Das Smartphone verfügt über eine motorisierte Roboterkamera, die in der Lage ist, die Bewegung des Benutzers zu verfolgen und den Fokus aufrechtzuerhalten, was einen mutigen Schritt zur Integration von künstlicher Intelligenz in die Unterhaltungselektronik darstellt. Das Gerät kostet 9.999 Yuan (ca. 1.480 US-Dollar) und zog innerhalb von zwei Wochen 400.000 Vorbestellungen an, was trotz der Skepsis hinsichtlich seiner Praktikabilität ein frühes Interesse signalisierte. Das Telefon enthält eine zurückziehbare Gimbalkamera, die sich bis zu 180 Grad drehen kann, so dass Benutzer Bilder aus mehreren Winkeln aufnehmen können.

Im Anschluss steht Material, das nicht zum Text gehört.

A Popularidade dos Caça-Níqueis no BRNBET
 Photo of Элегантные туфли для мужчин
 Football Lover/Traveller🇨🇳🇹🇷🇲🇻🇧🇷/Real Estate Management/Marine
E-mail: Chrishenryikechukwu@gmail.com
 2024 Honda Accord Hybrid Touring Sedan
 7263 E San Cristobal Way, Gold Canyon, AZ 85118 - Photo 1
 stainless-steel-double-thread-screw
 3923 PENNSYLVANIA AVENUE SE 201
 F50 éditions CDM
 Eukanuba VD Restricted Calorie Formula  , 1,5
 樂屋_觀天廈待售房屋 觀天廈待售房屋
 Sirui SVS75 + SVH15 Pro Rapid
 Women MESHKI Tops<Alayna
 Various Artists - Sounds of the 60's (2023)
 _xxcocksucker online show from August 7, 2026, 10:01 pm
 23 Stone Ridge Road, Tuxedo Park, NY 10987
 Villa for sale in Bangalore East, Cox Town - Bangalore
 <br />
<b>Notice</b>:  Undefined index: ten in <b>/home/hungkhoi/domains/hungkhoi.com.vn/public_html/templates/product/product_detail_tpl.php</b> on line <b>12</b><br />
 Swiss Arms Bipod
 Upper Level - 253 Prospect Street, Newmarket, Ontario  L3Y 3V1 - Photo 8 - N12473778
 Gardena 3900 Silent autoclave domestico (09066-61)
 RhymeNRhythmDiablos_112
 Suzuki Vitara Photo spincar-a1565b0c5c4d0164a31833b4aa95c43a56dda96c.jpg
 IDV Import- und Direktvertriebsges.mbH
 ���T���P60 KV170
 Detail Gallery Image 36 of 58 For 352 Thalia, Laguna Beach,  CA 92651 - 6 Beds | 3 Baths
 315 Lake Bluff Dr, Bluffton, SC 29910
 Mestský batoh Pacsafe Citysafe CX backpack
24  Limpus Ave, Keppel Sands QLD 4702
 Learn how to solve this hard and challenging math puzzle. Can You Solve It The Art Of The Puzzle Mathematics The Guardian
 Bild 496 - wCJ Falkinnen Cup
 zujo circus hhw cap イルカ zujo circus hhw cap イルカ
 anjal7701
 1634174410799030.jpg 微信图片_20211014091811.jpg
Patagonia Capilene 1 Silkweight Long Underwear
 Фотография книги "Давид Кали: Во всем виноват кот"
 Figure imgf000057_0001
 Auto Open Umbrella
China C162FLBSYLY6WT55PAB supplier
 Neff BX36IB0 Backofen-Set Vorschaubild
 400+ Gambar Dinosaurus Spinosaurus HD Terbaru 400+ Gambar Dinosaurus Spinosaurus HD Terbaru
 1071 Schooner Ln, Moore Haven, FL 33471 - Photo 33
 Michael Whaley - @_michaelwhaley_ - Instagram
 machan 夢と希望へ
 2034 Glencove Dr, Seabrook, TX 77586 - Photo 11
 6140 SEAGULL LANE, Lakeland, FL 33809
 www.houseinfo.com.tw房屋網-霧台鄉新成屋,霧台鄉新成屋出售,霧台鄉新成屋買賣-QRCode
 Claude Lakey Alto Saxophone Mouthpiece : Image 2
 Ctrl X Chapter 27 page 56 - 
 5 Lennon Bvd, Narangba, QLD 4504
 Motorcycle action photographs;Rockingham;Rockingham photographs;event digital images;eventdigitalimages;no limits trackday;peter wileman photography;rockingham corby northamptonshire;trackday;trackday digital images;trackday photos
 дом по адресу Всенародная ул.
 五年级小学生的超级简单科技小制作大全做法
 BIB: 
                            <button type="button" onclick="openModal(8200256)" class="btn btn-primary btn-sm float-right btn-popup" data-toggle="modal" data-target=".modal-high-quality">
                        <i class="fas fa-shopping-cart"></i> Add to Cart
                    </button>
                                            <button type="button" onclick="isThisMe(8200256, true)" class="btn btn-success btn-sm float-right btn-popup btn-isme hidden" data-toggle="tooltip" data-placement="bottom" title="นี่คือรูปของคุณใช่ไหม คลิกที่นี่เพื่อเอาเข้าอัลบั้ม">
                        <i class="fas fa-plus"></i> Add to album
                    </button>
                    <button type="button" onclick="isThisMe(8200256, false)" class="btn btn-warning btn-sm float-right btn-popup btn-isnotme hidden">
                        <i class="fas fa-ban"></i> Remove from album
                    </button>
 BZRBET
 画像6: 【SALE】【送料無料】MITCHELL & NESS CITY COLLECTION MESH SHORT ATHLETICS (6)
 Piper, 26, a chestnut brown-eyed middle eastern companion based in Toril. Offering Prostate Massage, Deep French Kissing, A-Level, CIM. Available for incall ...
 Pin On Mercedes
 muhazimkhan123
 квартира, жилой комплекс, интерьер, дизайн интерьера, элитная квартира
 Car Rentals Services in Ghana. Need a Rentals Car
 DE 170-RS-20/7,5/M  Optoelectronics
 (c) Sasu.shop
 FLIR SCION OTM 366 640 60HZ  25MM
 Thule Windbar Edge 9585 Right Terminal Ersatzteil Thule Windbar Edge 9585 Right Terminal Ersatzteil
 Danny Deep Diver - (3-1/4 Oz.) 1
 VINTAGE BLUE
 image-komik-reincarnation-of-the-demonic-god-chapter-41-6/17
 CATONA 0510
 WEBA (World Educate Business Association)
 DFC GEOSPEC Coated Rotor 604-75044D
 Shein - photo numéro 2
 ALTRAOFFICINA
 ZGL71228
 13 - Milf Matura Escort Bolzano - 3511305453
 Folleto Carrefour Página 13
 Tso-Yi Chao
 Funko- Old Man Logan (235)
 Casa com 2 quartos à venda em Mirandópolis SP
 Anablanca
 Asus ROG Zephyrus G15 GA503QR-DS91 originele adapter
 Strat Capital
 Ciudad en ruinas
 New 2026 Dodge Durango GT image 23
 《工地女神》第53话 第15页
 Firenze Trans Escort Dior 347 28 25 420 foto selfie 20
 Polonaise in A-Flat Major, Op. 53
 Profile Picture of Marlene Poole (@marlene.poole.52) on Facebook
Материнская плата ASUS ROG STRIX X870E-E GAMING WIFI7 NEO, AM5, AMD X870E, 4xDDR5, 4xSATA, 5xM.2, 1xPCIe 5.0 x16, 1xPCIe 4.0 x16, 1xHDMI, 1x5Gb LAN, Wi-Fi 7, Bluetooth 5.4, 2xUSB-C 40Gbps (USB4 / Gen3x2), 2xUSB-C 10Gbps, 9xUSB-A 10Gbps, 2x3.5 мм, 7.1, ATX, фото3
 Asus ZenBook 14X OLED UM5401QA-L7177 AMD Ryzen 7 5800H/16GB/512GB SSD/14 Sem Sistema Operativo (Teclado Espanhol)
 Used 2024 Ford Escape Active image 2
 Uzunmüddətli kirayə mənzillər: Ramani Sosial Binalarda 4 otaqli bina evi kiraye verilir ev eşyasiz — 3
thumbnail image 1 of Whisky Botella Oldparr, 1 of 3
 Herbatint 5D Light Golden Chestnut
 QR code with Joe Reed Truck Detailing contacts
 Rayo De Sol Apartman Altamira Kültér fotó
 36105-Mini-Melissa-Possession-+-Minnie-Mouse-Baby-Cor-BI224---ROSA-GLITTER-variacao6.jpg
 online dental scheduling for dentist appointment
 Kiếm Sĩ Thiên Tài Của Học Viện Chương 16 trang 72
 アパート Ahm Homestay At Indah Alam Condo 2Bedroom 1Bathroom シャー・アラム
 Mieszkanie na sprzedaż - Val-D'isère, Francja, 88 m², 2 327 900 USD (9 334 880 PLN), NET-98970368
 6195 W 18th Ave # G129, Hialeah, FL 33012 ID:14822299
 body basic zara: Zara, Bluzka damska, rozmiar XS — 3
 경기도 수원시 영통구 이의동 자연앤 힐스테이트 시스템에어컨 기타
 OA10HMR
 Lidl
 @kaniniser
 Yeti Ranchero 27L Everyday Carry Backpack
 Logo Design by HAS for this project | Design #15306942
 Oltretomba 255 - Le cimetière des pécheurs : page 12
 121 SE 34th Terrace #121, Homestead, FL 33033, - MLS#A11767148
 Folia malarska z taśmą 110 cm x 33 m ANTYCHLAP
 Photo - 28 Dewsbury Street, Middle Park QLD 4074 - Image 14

Laut Honor stützt sich das System auf eine KI-gesteuerte Bewegungssteuerung, ähnlich der in der Robotik, um eine erhöhte Stabilität und Präzision zu bieten. Das Unternehmen positioniert das Gerät als eine "neue Art von Smartphone", was darauf hindeutet, dass es einen breiteren Trend zur Einbettung fortschrittlicher Technologien in alltägliche Gadgets darstellt. Thomas Bai, ein KI-Produkt-Experte bei Honor, betonte, dass das aktuelle Modell lediglich die erste Iteration einer langfristigen Vision ist. Er erklärte, dass das Unternehmen plant, die Technologie für verbesserte Leistung und Zuverlässigkeit zu verfeinern. Bai sagte auch voraus, dass andere Marken schließlich folgen würden und eine wachsende Nachfrage nach KI-integrierten Geräten voraussagen.
Diese Stimmung stimmt mit dem breiteren Drang der chinesischen Technologieunternehmen überein, KI in Mainstream-Produkte zu integrieren, da sich der Wettbewerb im Smartphone-Bereich verschärft. Die Reaktionen der Verbraucher auf das Roboter-Telefon haben sich unterschieden. Einige lobten die Neuheit des Designs und erkannten seinen innovativen Ansatz für mobile Fotografie an. Andere äußerten jedoch Bedenken hinsichtlich der Haltbarkeit der beweglichen Teile und der potenziellen Reparaturkosten.
Ein anderer fragte, ob Verbraucher das von der KI-gestützten Kamera angebotene Automatisierungsniveau annehmen würden, was darauf hindeutet, dass die Akzeptanz Zeit erfordert. Historisch gesehen hängt die Entwicklung von Smartphones oft von bahnbrechenden Designs ab. Die Einführung des Touchscreen-iPhone von Apple im Jahr 2007 revolutionierte die Branche und etablierte einen neuen Standard für die mobile Interaktion.
Analysten schlagen vor, dass Wettbewerber zögern könnten, das Konzept sofort zu übernehmen und es vorziehen, seinen kommerziellen Erfolg zu beobachten, bevor sie stark in ähnliche Innovationen investieren. Ivan Lam, ein leitender Analyst bei Counterpoint Research, stellte fest, dass große Hersteller den Eintritt in nicht getestete Märkte in der Regel verzögern, bis Kernkomponenten zuverlässig und skalierbar sind.
Lam räumte ein, dass die unmittelbare Replikation des Honor-Konzepts unwahrscheinlich ist, die langfristigen Auswirkungen der KI-Integration in Smartphones jedoch unsicher bleiben. Während Honor mit der Verfeinerung seines Robotertelefons voranschreitet, bleiben die weiteren Auswirkungen für die Branche unklar. Ob dieses Gerät eine neue Ära der KI-getriebenen Unterhaltungselektronik einläutet oder eine Nischen-Neugier bleibt, hängt weitgehend von der Rezeption der Verbraucher und den technologischen Fortschritten ab.